Extracted records →
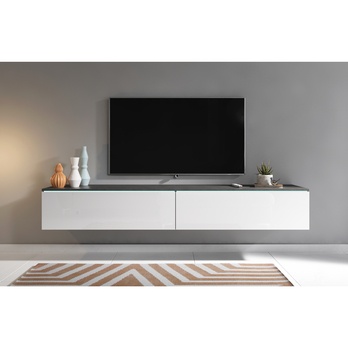 TV komoda DOROTHE 180 antracitová/biela lesklá 2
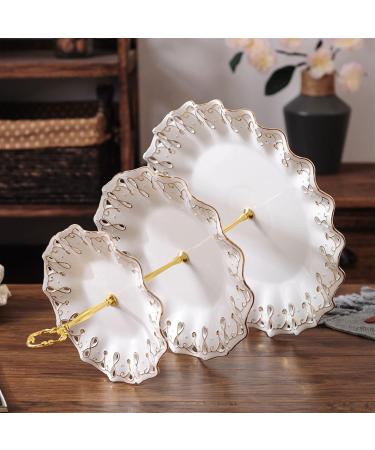Fruit Basket Bowl Fruit Dish Three-Layer Fruit Plate Chinese Style Hollow Creative Ceramic Fruit Bowl Living Room Dining Room Kitchen Desktop Decor Candy Plate Fruit Bowls - Buy Online on SooperMarket.com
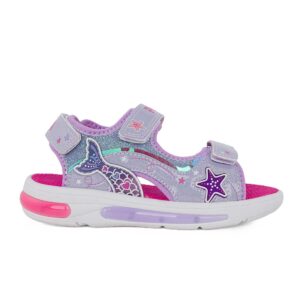 Fila Mermaid Velcro Lights 7BK61002-800 Παιδικό πέδιλο με φωτάκια για κορίτσι σε συνθετικό υλικό και ύφασμα Λιλά/Γοργόνα - Image 3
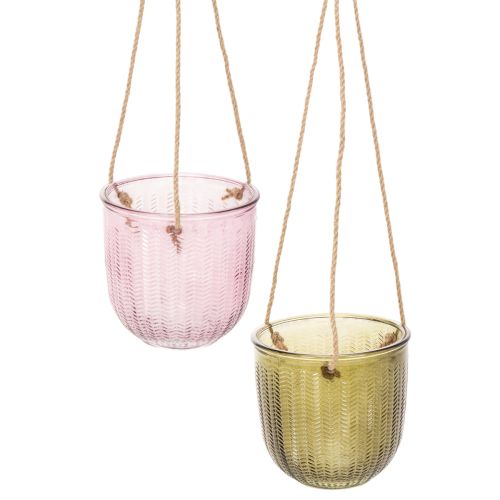 Stiklinis gėlių vazonas / pakabinamas žibintas, violetinis / žalias, 14 cm, 2 vnt. pirkti | Floristik24.lt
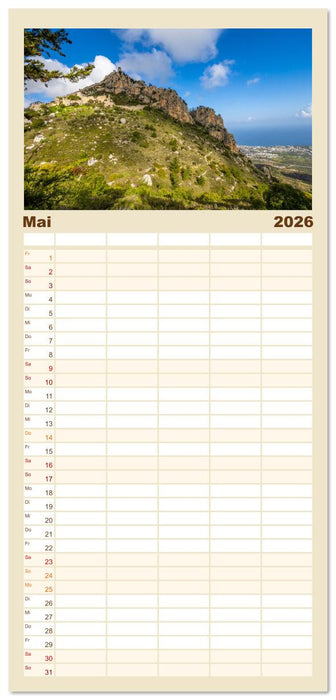 Urlaubsparadies in Nordzypern (CALVENDO Familienplaner 2026)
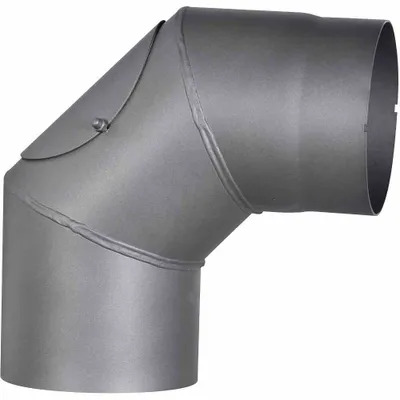 Image de FIREFIX Coude de tuyau de poêle 90°,Ø150mm,gr fixe avec porte, couleur : gris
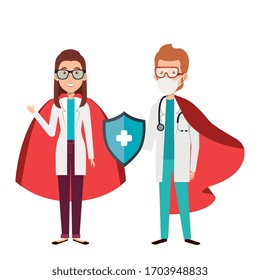 super doctors with face mask and hero cloak vector illustration design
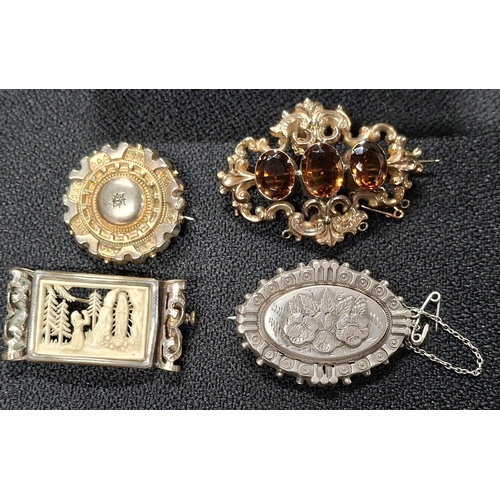 44 - Collection of seven antique brooches and an old jewellery box, the brooches include a jet mourning b...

Exercise instructions → Copy the lines of the records, beginning where the line containing "Urlaubsparadies in Nordzypern" appears and continuing through the final line, exactly and with no pictures.

Answer to this problem →
 Urlaubsparadies in Nordzypern (CALVENDO Familienplaner 2026)
 Image de FIREFIX Coude de tuyau de poêle 90°,Ø150mm,gr fixe avec porte, couleur : gris
 super doctors with face mask and hero cloak vector illustration design
 44 - Collection of seven antique brooches and an old jewellery box, the brooches include a jet mourning b...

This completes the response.